Тогда моряк спросил его:– А где умер твой отец?
– В постели, – ответил знакомый.
– А твой дед?
– Тоже в постели.
– А прадед?
– И он тоже в постели.
– Так как же ты не боишься каждый вечер ложиться спать в постель? – спросил моряк.
К осени (по другим сведениям – в июне 1924 года.) «серпуховские страдания» всё же закончились. Я добился своего и был переведён снова в Московскую школу. ЧТО ПОСЕЕШЬ – ТО И ПОЖНЁШЬ В Московской школе у меня была полная возможность тренироваться на самых совершенных самолётах того времени. В моём распоряжении снова было лучшее в школе отделение боевого применения. Зимой 1924 года, перед распутицей, в соседний НОА поступил из Голландии самолёт-истребитель «Фоккер» D-XI. Поступил, видимо, для испытаний с целью закупки серии. Самолёт сопровождал представитель фирмы Мейнеке, лётчик с весьма скромной лётной репутацией. «Фоккер» D-XI долго испытывался несколькими лётчиками НОА. Они были плохо тренированы и вообще мало летали. Я чувствовал зависть и негодование, когда видел, как никто из них не мог чисто выполнить ни одной фигуры высшего пилотажа. С виражей они, как правило, срывались в штопор. При выполнении фигур из осторожности забирались на высоту не менее 1500 метров. И хорошо делали: им необходимы были эта высота и осторожность. Я до того загорелся желанием показать, как можно летать на этом самолёте, который уже был испытан на пилотаж (его конструктор – А.Фоккер – сам был лётчиком и лично испытал этот самолёт), что надоел начальству своим желанием поменять свою работу с педагогической на испытательную. Я видел в испытаниях прогресс, в этом были особого рода романтика, спортивная страсть и все признаки творчества. Проблема надёжности полёта сохранилась на всю мою лётную жизнь, просто страсть к романтике в технике победила педагогику. Я одолел своей настойчивостью и был переведён в НОА. Увы, к этому времени наступила дружная весенняя распутица, и полёты были временно прекращены. Я ходил как завороженный, мысленно уже ясно представив в своём воображении весь будущий полёт и то, как он будет выглядеть с земли. Проснувшись однажды утром и выглянув в окно, я увидел ясное синее небо. Я соскочил с постели, немедленно оделся и побежал в аэродром. Посмотрев на высохшую полоску земли, с которой можно было взлететь и приземлиться, я побежал к начальнику лётной части Василию Васильевичу Карпову, по прозвищу «дядя Вася». Мы были давно знакомы и я, увидев его, как фанатик закричал:– Дядя Вася, дай, пожалуйста, пролететь на «Фоккере»!

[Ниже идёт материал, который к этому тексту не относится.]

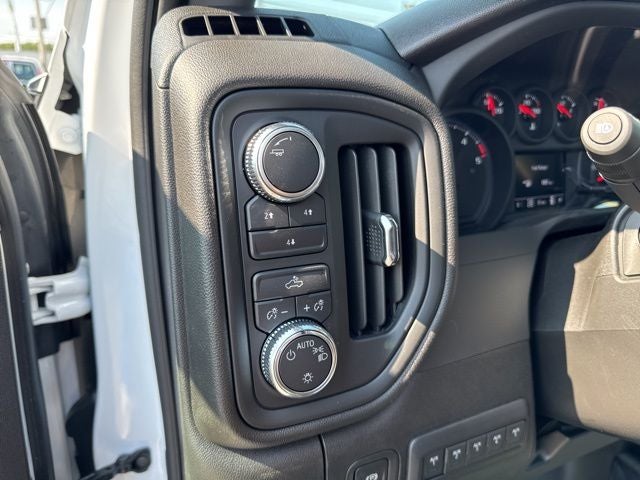 2025 GMC Sierra 3500HD Pro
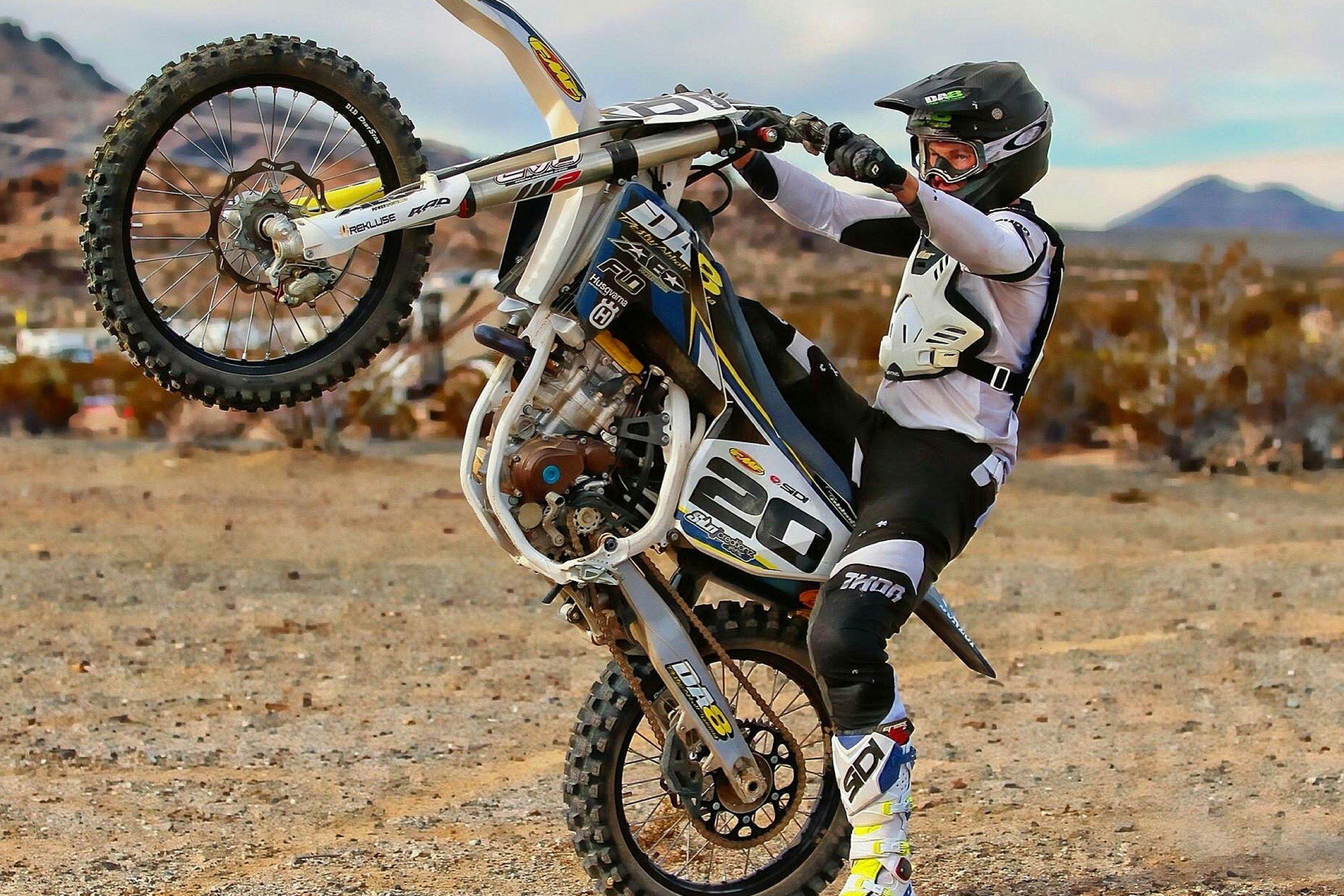 Sidi Agrees to Deal with Destry and Cooper Abbott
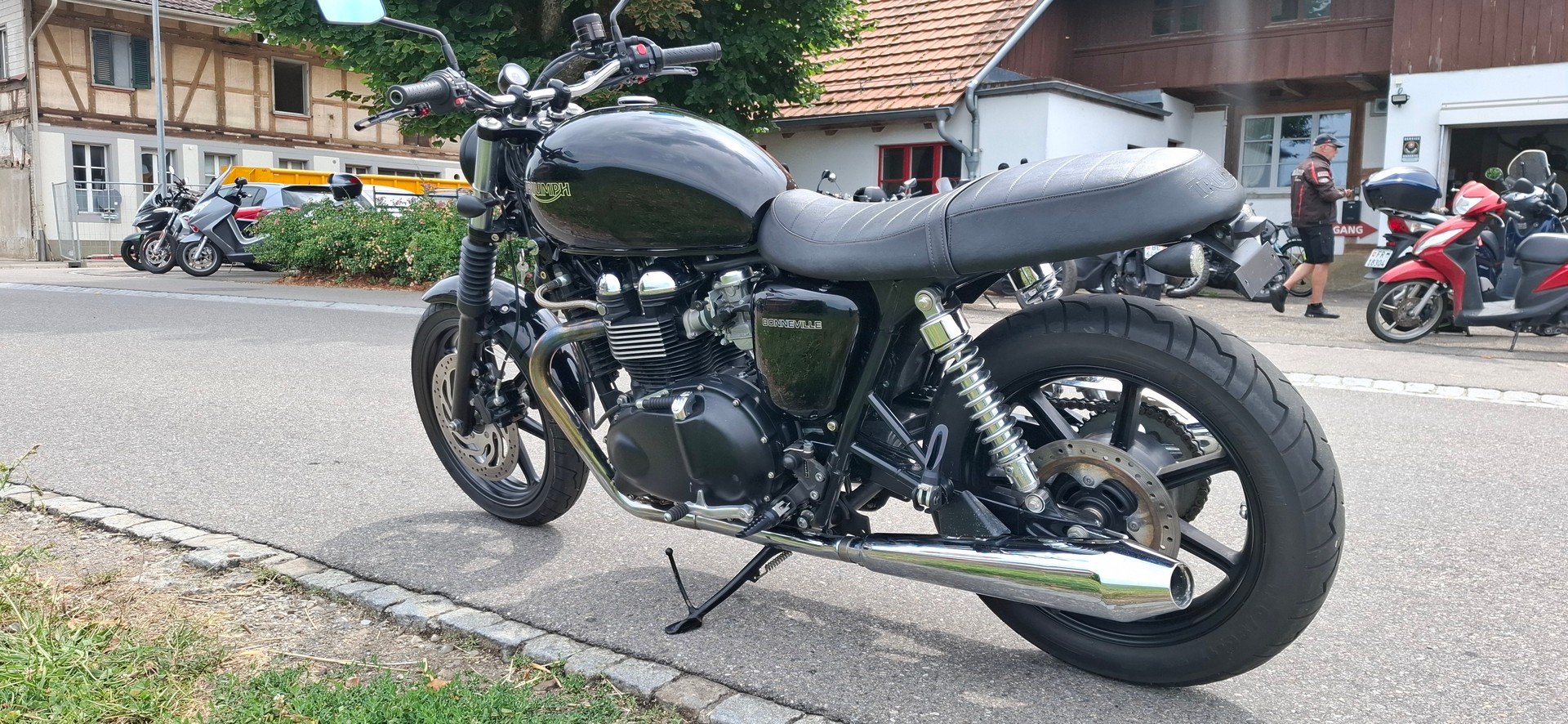 TRIUMPH Bonneville-image-4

– Ты знаешь, – ответил он, – не могу, потому что самолёт приказано сейчас разобрать и отправить в Западный округ командующему Кожевникову.
– Дядя Вася, да ведь я перешёл в НОА, чтобы пролететь на нём. Ведь я ночами не спал, воображая, что я делаю на нём полёт.
– Тогда звони начальнику НОА.
Я позвонил и получил разрешение. Сердце моё забилось от счастья. Начальник НОА слышал обо мне и, видимо, относился благосклонно. «Дядя Вася», получив такое разрешение, с достоинством заявил:
– Сначала я пролечу сам, а затем полетишь ты.
Он взлетел, набрал высоту 1500 метров, попробовал сделать вираж и… сорвался. В другую сторону – опять то же самое. Я ходил, как тигр перед коварным прыжком. Карпов приземлился, подрулил и выключил мотор.
– Очень уж чуткая машина, – заявил он. – Чуть тронешь ручку, и самолёт уже бурно отвечает.
«Это хорошо, – подумал я. – Раз она испытана и рекомендуется в продажу серией, значит должна летать нормально. Ведь Фоккер – сам лётчик».
На мой первый полёт в новом учреждении и в новом амплуа пришли посмотреть все лётчики НОА и немец-сдатчик Мейнеке. Я сел в самолёт. Привязавшись, попросил объяснить мне назначение приборов и показать, где расположено управление системой охлаждения. Остальные данные о самолёте и моторе я знал заранее. Знакомство с машиной продолжалось не более пяти минут. Зрительная память у меня была отличная. Я хорошо запомнил назначение и места расположения главных приборов.
– Контакт?
– Есть контакт!
Мотор заработал, температура воды – 60°, можно взлетать. Даю полный газ, отрываюсь от земли и сразу ввожу самолёт в вираж с шестидесятиградусным креном, сначала влево, а замкнув круг – вправо. Снова – влево, затем – спирально, с большим креном, попеременно то влево, то вправо, набираю высоту 300 метров, чтобы доказать, что возможность выполнения чистых виражей – не случайность. Без промедления делаю переворот влево, из него – в петлю, из петли – переворот вправо, а из него – снова в петлю. Из петли – бочка влево, бочка вправо. Высота – 200 метров. Набираю спиралью 700 метров. Штопор. Виток влево, виток вправо, выход в петлю, два переворота. Высота – 100 метров. Скольжение с большим креном влево, вправо, и из него – посадка.
Когда я подрулил к ангару, то все лётчики исчезли. Меня встретил Мейнеке. Он тряс мою руку и говорил по-французски:
– Cўest un pilot du monde! (О, Вы – мировой пилот!)
«Дядя Вася» с большими глазами пожимал мне руку:– Ну, брат, ты нас поразил!
Через 13 лет, после моего полёта через Северный полюс с установлением двух мировых рекордов дальности, Мейнеке прислал мне телеграмму: «Я Вам предсказывал Ваше будущее».
Этот полёт произвёл такой фурор, что повлиял на всю мою будущую авиационную карьеру. Я его запомнил как лучшее моё дерзание на всю жизнь. Как гласит поговорка: «Qui ne ricque rien nўa rien (Без риска ничего не добьёшься» (дословно – «Кто ничем не рискует – ничего не имеет»).